Aujourd’hui, en démocratie, l’électeur se prononce essentiellement pour donner le pouvoir pendant quelques années à Pierre, Paul, Jacques ou à tel ou tel parti politique. Pourtant, que connaît-il de Pierre, Paul ou Jacques ? Que peut-il savoir des véritables intentions des partis politiques qui se présentent à son suffrage ? Du jeu de ping-pong qui permet à la caste politique de se partager et de garder jalousement le pouvoir ? Quelques images bien choisies dans la presse, une émission de télévision peaufinée au millimètre, les commentaires de journalistes souvent partisans, des déclarations tellement convenues qu’elles en deviennent insipides. En résumé, rien qui puisse réellement l’informer, lui donner la possibilité de se forger une opinion. Bien sûr, certains électeurs connaissent toutes les arcanes du pouvoir.
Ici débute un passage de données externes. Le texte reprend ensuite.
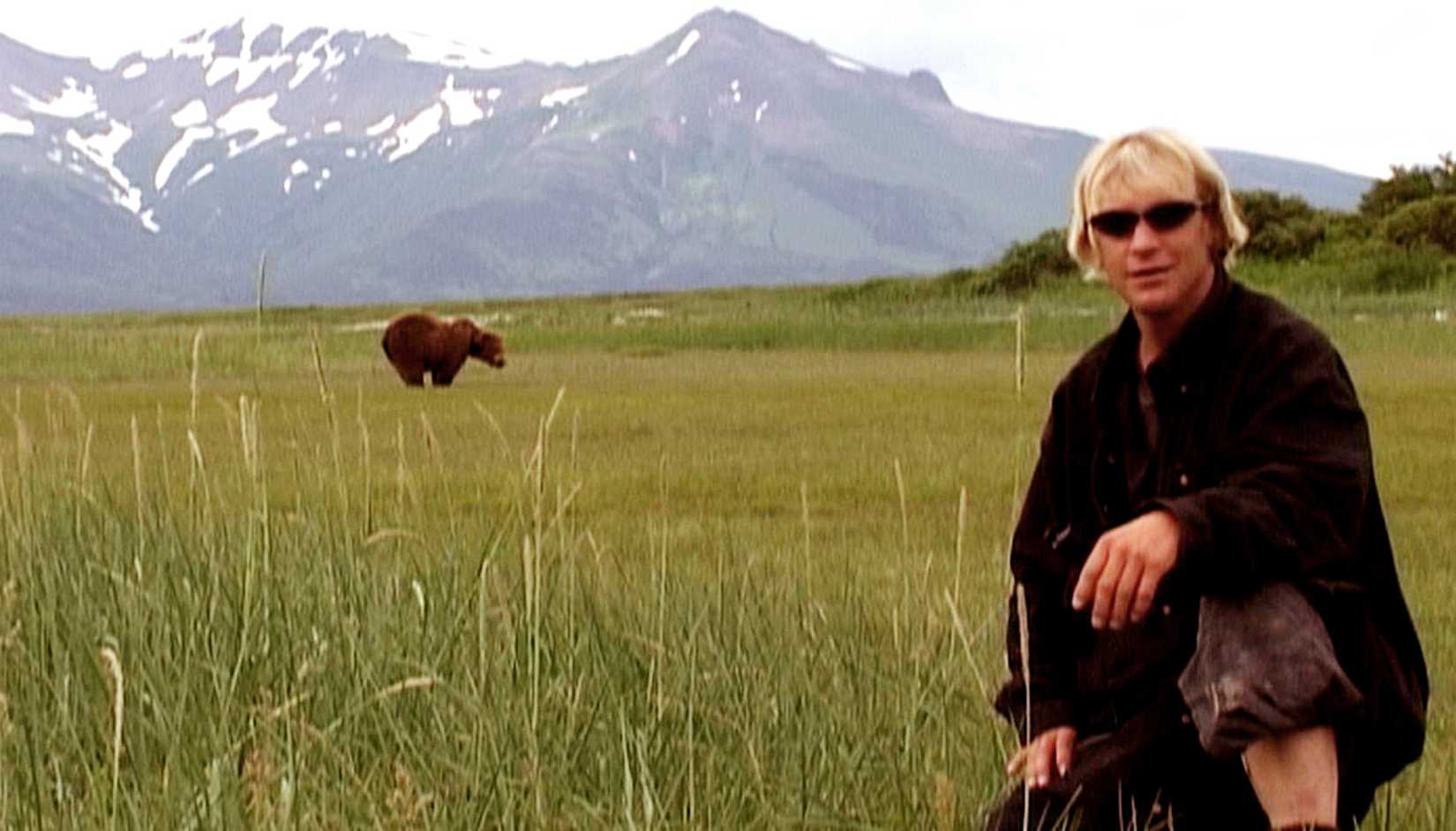 Timothy Treadwell posing in front of a bear in Grizzly Man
Mais combien sont-ils ? Combien peuvent consacrer du temps à comprendre ce jeu où même la caste politique finit par se perdre ? Pour les autres, qui représentent l’immense majorité, tous ceux pour qui la politique vient après leur famille, leur travail, leurs amis, leurs loisirs, bien loin après ! pour tous ceux-là, peut-on qualifier ce vote de décision en connaissance de cause ? N’est-ce pas uniquement un bon moyen pour permettre la confiscation du pouvoir par une minorité à son seul profit ? N’est-ce pas la meilleure méthode pour dégoûter la majorité d’un peuple des élections comme on le voit actuellement ? Et surtout, à quoi ça sert de voter pour le programme de Pierre, Paul ou Jacques ? N’est-il pas plus important pour un citoyen de définir ses priorités et de demander à ses dirigeants de les mettre en oeuvre ? N’est ce pas cela, et uniquement cela, le véritable pouvoir populaire ?

Demain, en clérocratie, le citoyen gardera évidemment le suffrage universel. Mais un vrai suffrage, celui qui consiste à donner son avis sur des sujets que l’on connaît, que l’on maîtrise, ou à voter pour des personnes qui sont suffisamment proches pour savoir qui elles sont vraiment. D’abord, il y aura le vote au niveau des élections municipales, mais à la manière clérocratique : un découpage de la France en petites unités – les bases – dans lesquelles les électeurs pourront choisir leurs futurs dirigeants en connaissance de cause. C’est ce qui se passe actuellement dans les petites communes où chacun se connaît et peut se faire réellement connaître, et c’est là, et seulement là, qu’il y a le plus grand pourcentage de participation. Ensuite, les électeurs seront régulièrement consultés par référendums. Pas une mascarade à la mode d’aujourd’hui, non ! Mais de véritables référendums où l’on demandera aux électeurs quels sont leurs souhaits, leurs priorités. Et ces priorités là, les électeurs les savent forcement. Elles sont leur quotidien, leurs aspirations de tous les jours. Dans ce cas de figure, et dans celui-ci seulement, les électeurs peuvent se prononcer en connaissance de cause. Et ce sont ces priorités qui serviront de programme aux dirigeants politiques.

En clérocratie, le citoyen ne vote pas pour donner à untel ou untel une espèce de mandat en blanc pour décider à sa place, comme on procède avec un être incapable. Non ! Le clérocrate choisit ses futurs dirigeants en connaissance de cause et leur indique les missions qu’ils devront accomplir. Comme procède un citoyen responsable.